Gary Edwards of the Open Document Foundation has a fascinating post on the important of Microsoft Office compatibility to the success of the ISO-approved Open Document formats.
It is in places a rare voice of sanity:
People continue to insist that if only Microsoft would implement ODF natively in MSOffice, we could all hop on down the yellow brick road, hand in hand, singing kumbaya to beat the band. Sadly, life doesn’t work that way. Wish it did.
Sure, Microsoft could implement ODF – but only with the addition of application specific extensions to the current ODF specification … Sun has already made it clear at the OASIS ODF TC that they are not going to compromise (or degrade) the new and innovative features and implementation model of OpenOffice just to be compatible with the existing 550 million MSOffice desktops.
More:
The simple truth is that ODF was not designed to be compatible – interoperable with existing Microsoft documents, applications and processes. Nor was it designed for grand convergence. And as we found out in our five years participation at the OASIS ODF TC, there is an across the boards resistance to extending ODF to be compatible with Microsoft documents, applications and processes.
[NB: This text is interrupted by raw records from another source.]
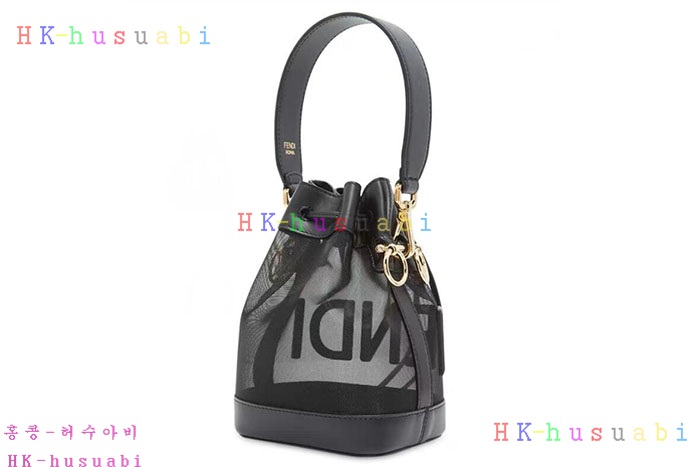 �ڹ̷��ޡ���� ��Ʈ���� �̴� ��Ŷ�� 8BS010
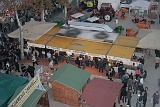 Expo-2008 (235)
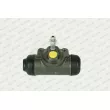 Cylindre de roue FERODO FHW4189 - Visuel 2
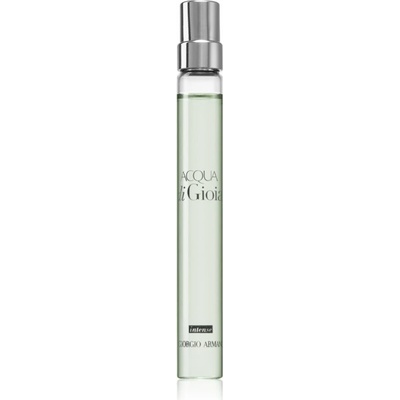 Giorgio Armani Acqua di Gioia Intense parfumovaná voda dámska 10 ml vzorka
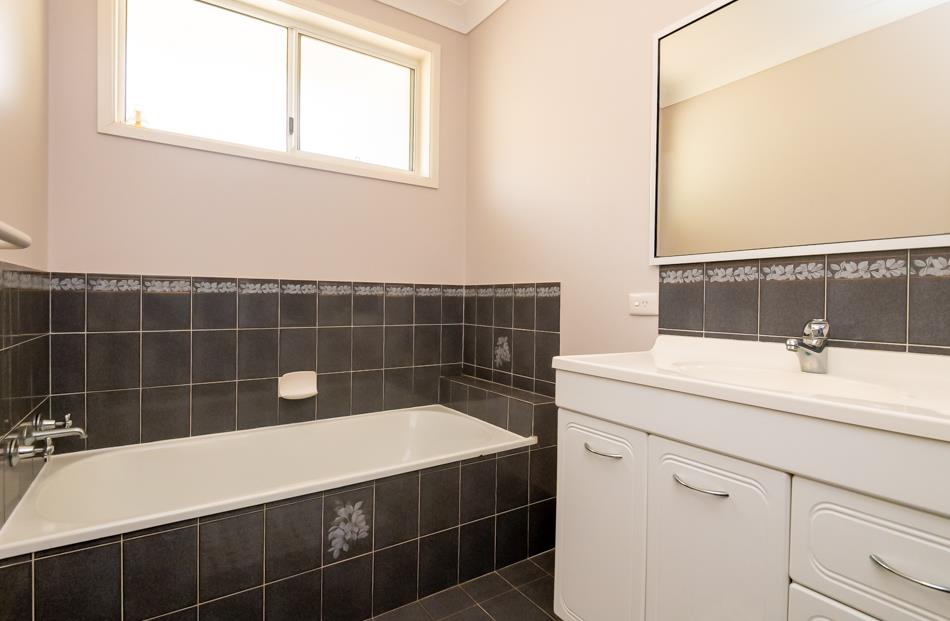 12 Barnes Street, Woolgoolga - Thumbnail 6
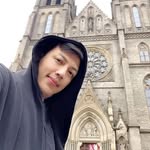 David Manson - @david_manson518 - Instagram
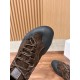 LOEWE SHOES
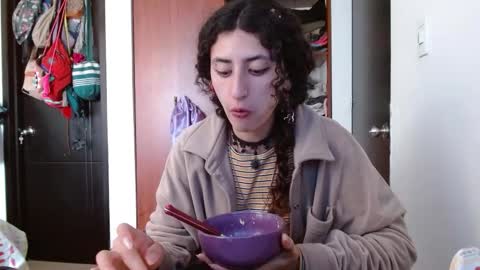 Malita online show from 22, 10, 2025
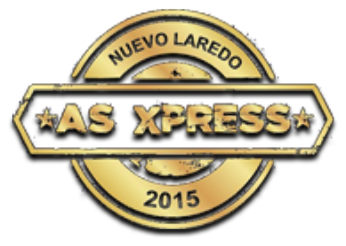 Tienda Online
Summary: in Edwards’ opinion, there are technical and political reasons why seamless ODF interop cannot be baked into Microsoft Office. Therefore the Foundation is now working on interop with the W3C’s Compound Document Format, about which I know little.
Surprisingly, Edwards also says that ODF will fail in the market:
If we can’t convert existing MS documents, applications and processes to ODF, then the market has no other choice but to transition to MS-OOXML.
Edwards is thoroughly spooked by the success of Sharepoint in conjunction with Exchange, and overstates his case:
If we can’t neutralize and re purpose MSOffice, the future will belong to MS-OOXML and the MS Stack. Note the MS Stack noticeably replaces W3C Open Web technologies with Microsoft’s own embraced “enhancements”. Starting with MS-OOXML/Smart Tags as a replacement for HTML-XHTML-RDF Metadata. HTML and the Open Web are the targets here. ODF is being used as a diversion from the real end game – the taking of the Internet.
I find this implausible. At the same time, I agree about the importance of interoperability with Microsoft Office.
I would also like clarification on what are the limitations of OOXML / ODF conversion. Here’s a technique that does a reasonable job. Open OOXML in Microsoft Office, save to binary Office format. Open binary Office format in Open Office, save as ODF. The same works in reverse. Not perfect perhaps, but a whole lot better than the Microsoft-sponsored add-in that works through XSLT. Could this existing Open Office code be made into a Microsoft Office plug-in, and if so, what proportion of existing documents would not be satisfactorily converted?
Note that Sun’s ODF converter seems to be exactly this, except that it does not yet work with Office 2007. It could presumably be used with Office 2003 and the OOXML add-in, to provide a way to convert OOXML to ODF in a single application. Some further notes on Sun’s converter here.